Graph-Jigsaw Conditioned Diffusion Model for Skeleton-based Video Anomaly Detection
Ali Karami, Thi Kieu Khanh Ho, Narges Armanfard
TL;DR
The paper tackles skeleton-based video anomaly detection (SVAD) by addressing three core challenges: capturing spatio-temporal dependencies among joints, recognizing region-specific discrepancies in motion, and accounting for the infinite variation of human actions. It introduces GiCiSAD, a lightweight framework consisting of a Graph Attention-Based Forecasting module, a Graph-level Jigsaw Puzzle Maker for self-supervised region-level discrimination, and a Graph-based Conditional Diffusion Model to generate diverse future motions conditioned on past frames.
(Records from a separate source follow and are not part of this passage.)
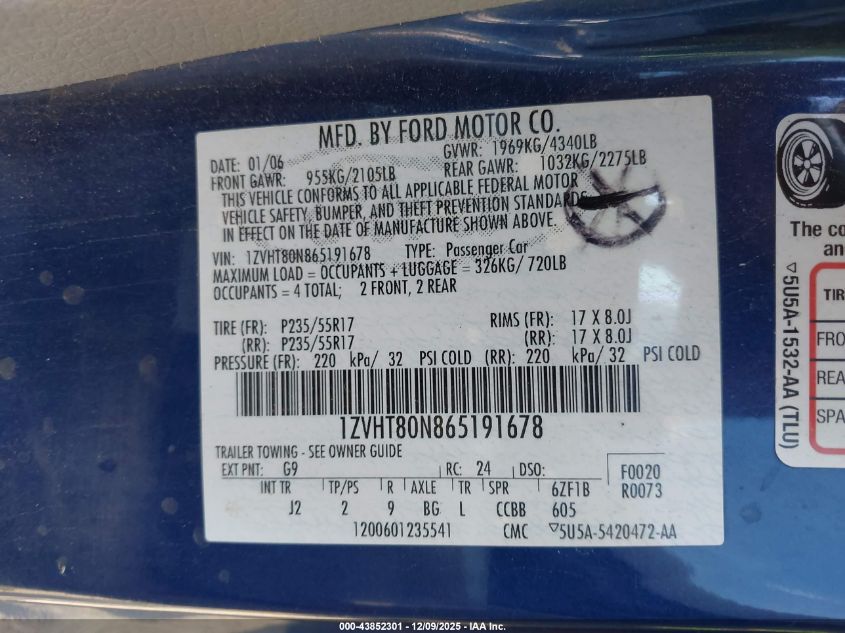 2006 Ford Mustang V6 VIN: 1ZVHT80N865191678 Lot: 43852301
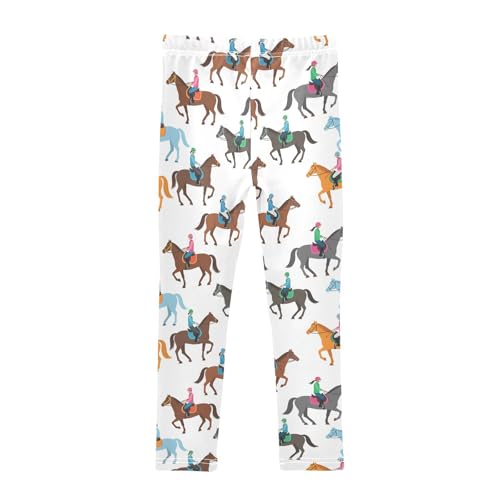 Girls Leggings Size 4T Horse White Soft Stretchy Yoga Pants Tights Girl Clothes for School Dance2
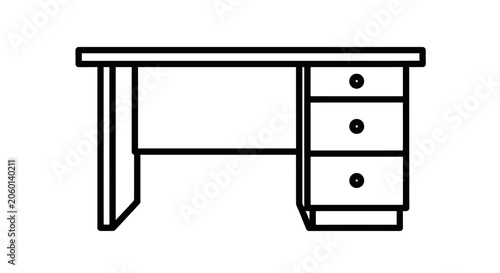 Simple line drawing of a wooden desk with three drawers and storage compartment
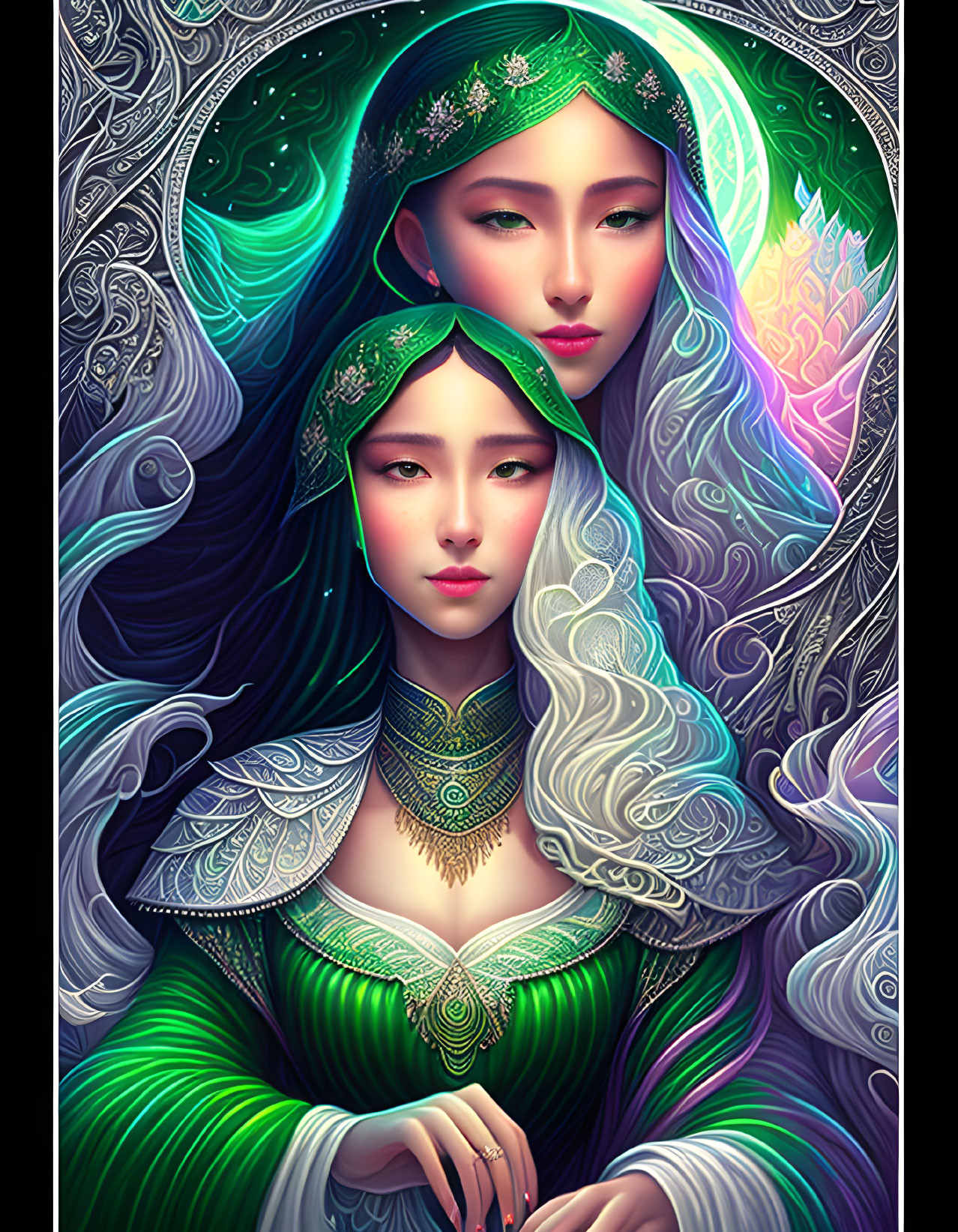 Ethereal women in green attire with silver patterns and mystical object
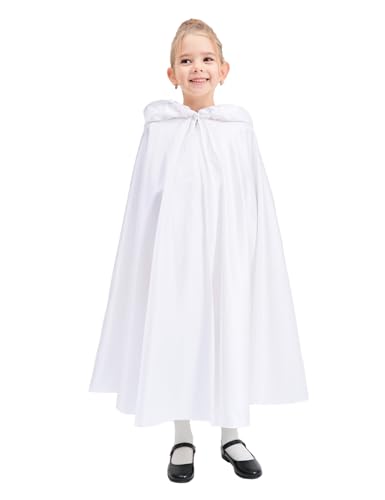BEAUTELICATE Umhang mit Kapuze Kinder Satin Halloween Cape Mantel Lang Kurz Mädchen Unisex Fasching für Hochzeit Karneval Cosplay Kostüm Robe Vampir Hexen von BEAUTELICATE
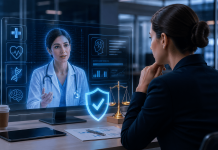 AI-Generated Medical Voices: A New Compliance Risk for Pharma Marketers Pharma marketer reviewing AI-generated doctor on a digital screen with compliance and security icons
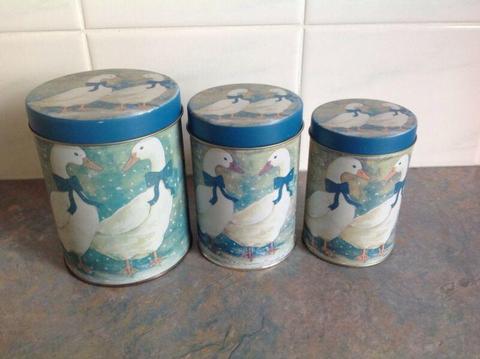 DECORATIVE DUCK TINS ---- THREE --- BRAND NEW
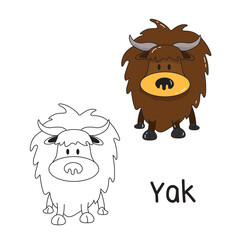 Vector illustration. Coloring book , Coloring yak. Cartoon animal. Clipart set for nursery poster, Practice skills
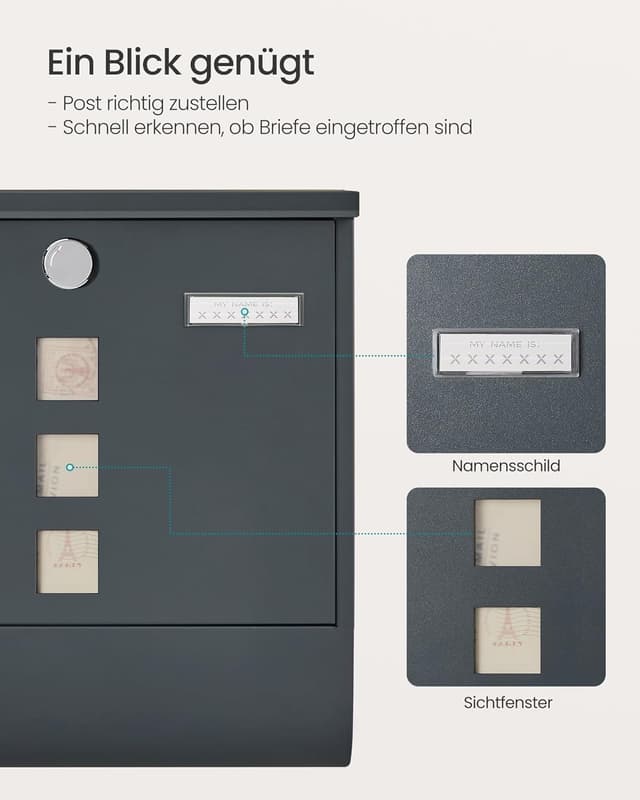 Detalle 1 de SONGMICS GMB120G01 Briefkasten 11 x 37 x 37 cm 📮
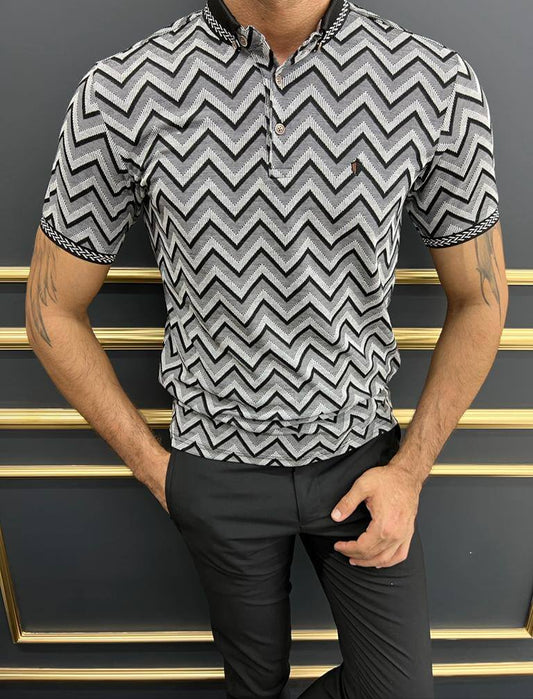 Striped Black Polo T-Shirt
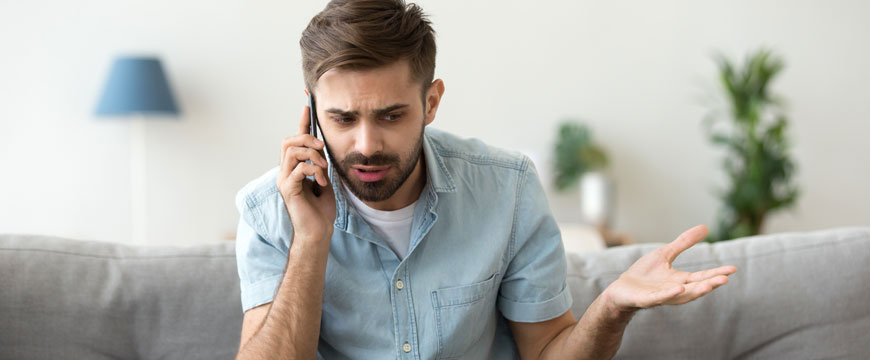 Guy on the Phone, Acting Confused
The method achieves state-of-the-art AUROC on four benchmark SVAD datasets while using up to 40% fewer parameters than prior unsupervised approaches, highlighting both effectiveness and efficiency. By combining dynamic graph learning, challenging graph-level self-supervision, and diffusion-based diverse generation, GiCiSAD robustly detects anomalies across varied motions and regions, with practical potential for real-time surveillance applications.
Abstract
Skeleton-based video anomaly detection (SVAD) is a crucial task in computer vision. Accurately identifying abnormal patterns or events enables operators to promptly detect suspicious activities, thereby enhancing safety. Achieving this demands a comprehensive understanding of human motions, both at body and region levels, while also accounting for the wide variations of performing a single action. However, existing studies fail to simultaneously address these crucial properties. This paper introduces a novel, practical and lightweight framework, namely Graph-Jigsaw Conditioned Diffusion Model for Skeleton-based Video Anomaly Detection (GiCiSAD) to overcome the challenges associated with SVAD. GiCiSAD consists of three novel modules: the Graph Attention-based Forecasting module to capture the spatio-temporal dependencies inherent in the data, the Graph-level Jigsaw Puzzle Maker module to distinguish subtle region-level discrepancies between normal and abnormal motions, and the Graph-based Conditional Diffusion model to generate a wide spectrum of human motions. Extensive experiments on four widely used skeleton-based video datasets show that GiCiSAD outperforms existing methods with significantly fewer training parameters, establishing it as the new state-of-the-art.